> _ASSIGNMENT_: Copy, exactly and without additions, every line in the records below from the one holding "All righty, guys." through the one holding "To understand how", both ends included.
**** DATA TO EXAMINE
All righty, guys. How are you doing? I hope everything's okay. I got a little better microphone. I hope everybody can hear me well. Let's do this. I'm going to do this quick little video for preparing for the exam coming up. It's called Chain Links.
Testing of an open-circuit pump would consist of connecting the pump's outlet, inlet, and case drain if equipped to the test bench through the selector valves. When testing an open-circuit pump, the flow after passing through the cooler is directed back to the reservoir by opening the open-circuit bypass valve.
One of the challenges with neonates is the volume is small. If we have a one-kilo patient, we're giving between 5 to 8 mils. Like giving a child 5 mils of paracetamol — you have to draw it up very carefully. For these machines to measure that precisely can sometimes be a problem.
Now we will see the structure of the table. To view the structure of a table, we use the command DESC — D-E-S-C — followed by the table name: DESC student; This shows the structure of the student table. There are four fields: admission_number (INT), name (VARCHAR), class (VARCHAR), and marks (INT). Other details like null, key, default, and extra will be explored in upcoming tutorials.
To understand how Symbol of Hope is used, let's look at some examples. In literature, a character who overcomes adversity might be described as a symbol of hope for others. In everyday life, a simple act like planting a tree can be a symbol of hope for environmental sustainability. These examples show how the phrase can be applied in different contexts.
********
**** DATA TO EXAMINE
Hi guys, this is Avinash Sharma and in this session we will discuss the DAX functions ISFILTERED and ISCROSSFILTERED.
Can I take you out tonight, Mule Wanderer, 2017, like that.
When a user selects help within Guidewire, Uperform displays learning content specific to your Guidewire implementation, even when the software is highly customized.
********
**** DATA TO EXAMINE
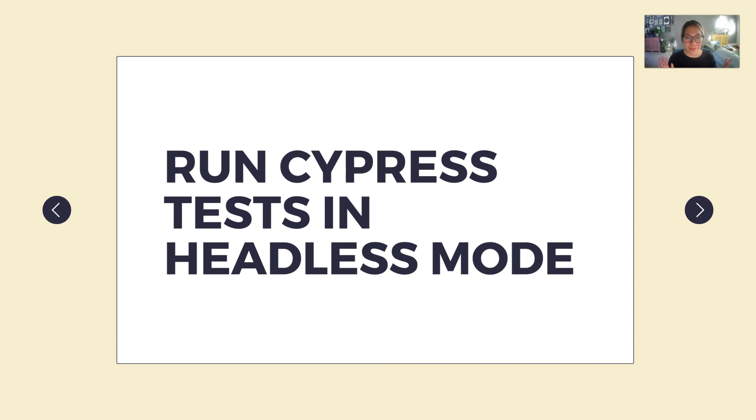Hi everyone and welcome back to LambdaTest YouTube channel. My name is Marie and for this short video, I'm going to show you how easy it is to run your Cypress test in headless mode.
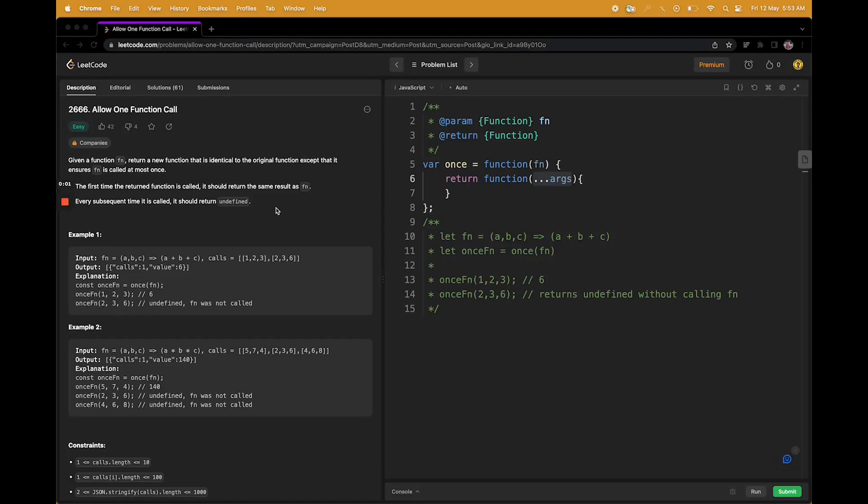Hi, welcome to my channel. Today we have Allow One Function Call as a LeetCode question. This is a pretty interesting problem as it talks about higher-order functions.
********
> _RESULT OF THE TASK_:
All righty, guys. How are you doing? I hope everything's okay. I got a little better microphone. I hope everybody can hear me well. Let's do this. I'm going to do this quick little video for preparing for the exam coming up. It's called Chain Links.
Testing of an open-circuit pump would consist of connecting the pump's outlet, inlet, and case drain if equipped to the test bench through the selector valves. When testing an open-circuit pump, the flow after passing through the cooler is directed back to the reservoir by opening the open-circuit bypass valve.
One of the challenges with neonates is the volume is small. If we have a one-kilo patient, we're giving between 5 to 8 mils. Like giving a child 5 mils of paracetamol — you have to draw it up very carefully. For these machines to measure that precisely can sometimes be a problem.
Now we will see the structure of the table. To view the structure of a table, we use the command DESC — D-E-S-C — followed by the table name: DESC student; This shows the structure of the student table. There are four fields: admission_number (INT), name (VARCHAR), class (VARCHAR), and marks (INT). Other details like null, key, default, and extra will be explored in upcoming tutorials.
To understand how Symbol of Hope is used, let's look at some examples. In literature, a character who overcomes adversity might be described as a symbol of hope for others. In everyday life, a simple act like planting a tree can be a symbol of hope for environmental sustainability. These examples show how the phrase can be applied in different contexts.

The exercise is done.